Do lado direito da política, o nazismo e o fascismo promoveram holocaustos. O mundo neoludista reserva, provavelmente, para o futuro o banimento do plástico e sua substituição por sacolinhas de pano, fabricadas por um exército de famintos de algum país pobre.
De tal forma que a frase de McLuhan poderia ser ‘o lugar é a mensagem’. O lugar habitado pelas marcas, feitas por nossas digitais; marcas de nossos pés, impressas por nossos corpos e embalagens, em nossas casas, na vizinhança, no ambiente de trabalho, expandidas pela cidade, região, país, mundo. Marcas que são a memória de nossas identidades individuais e comerciais. Marcas fugazes, espalhadas pelo ambiente público e privado, que somadas produzem o sentimento de pertencer ou de não reconhecer a ligação a uma comunidade, uma cultura, uma empresa ou país.
Olho, por exemplo, a cidade de São Paulo e não me reconheço em meio ao congestionamento, a multidão que se entope de comida rápida e produz barulho inútil, que nos afasta do silêncio reparador e bom. O que nos liga a uma cidade hostil como São Paulo são as marcas sobreviventes, que resgatam uma narrativa em que o lugar antropológico é ainda um elemento quase exótico.
Marcar para pertencer
Marcar é fazer parte da natureza, do mercado ou do que edificamos.

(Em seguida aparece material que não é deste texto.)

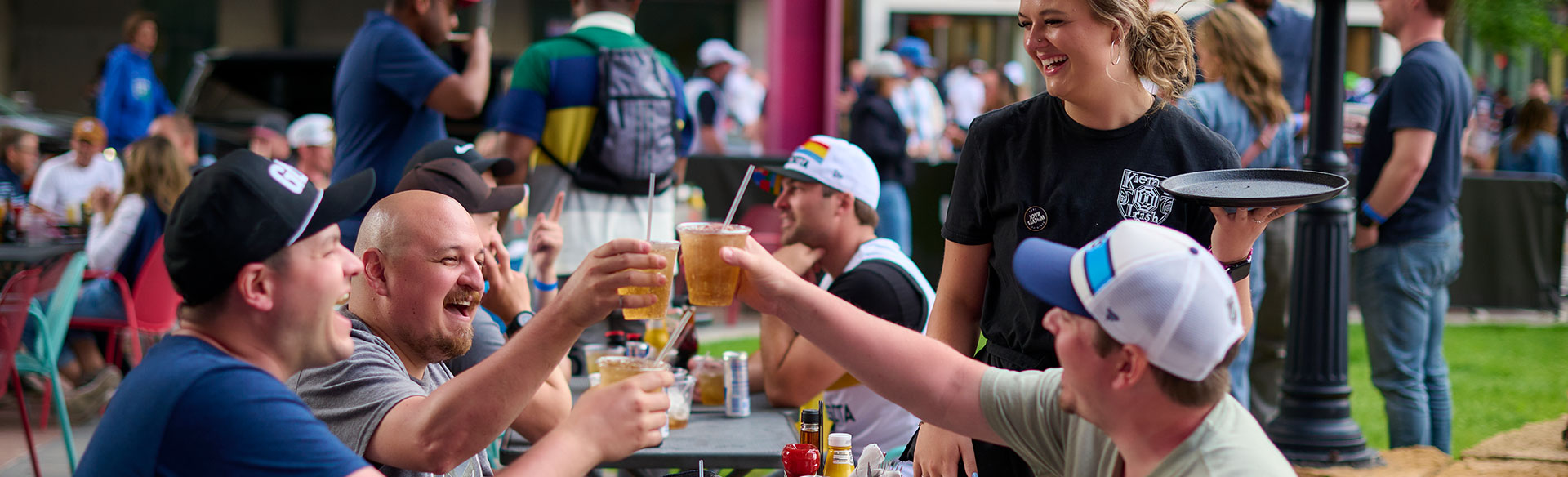 People Enjoying A Pub Event at Kieran's Irish Pub Minneapolis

Por isso, procuramos deixar marcas em superfícies, embalagens, objetos passageiros ou imperecíveis. O autor, o protagonista, o artista, o administrador imprime suas marcas em pedra e em outros materiais brutos com a intenção da permanência e da transcendência.
É quase paradoxal: nos cemitérios os mortos jazem embaixo de embalagens marcadas em pedra. Nos crematórios é triste ver se transformarem em cinzas, fumaça. Afinal, todos deveriam ter o direito de voltar ao barro, ao pó, à primeira embalagem e à essência. O desaparecimento e o esquecimento, como diriam os gregos, é a pior morte.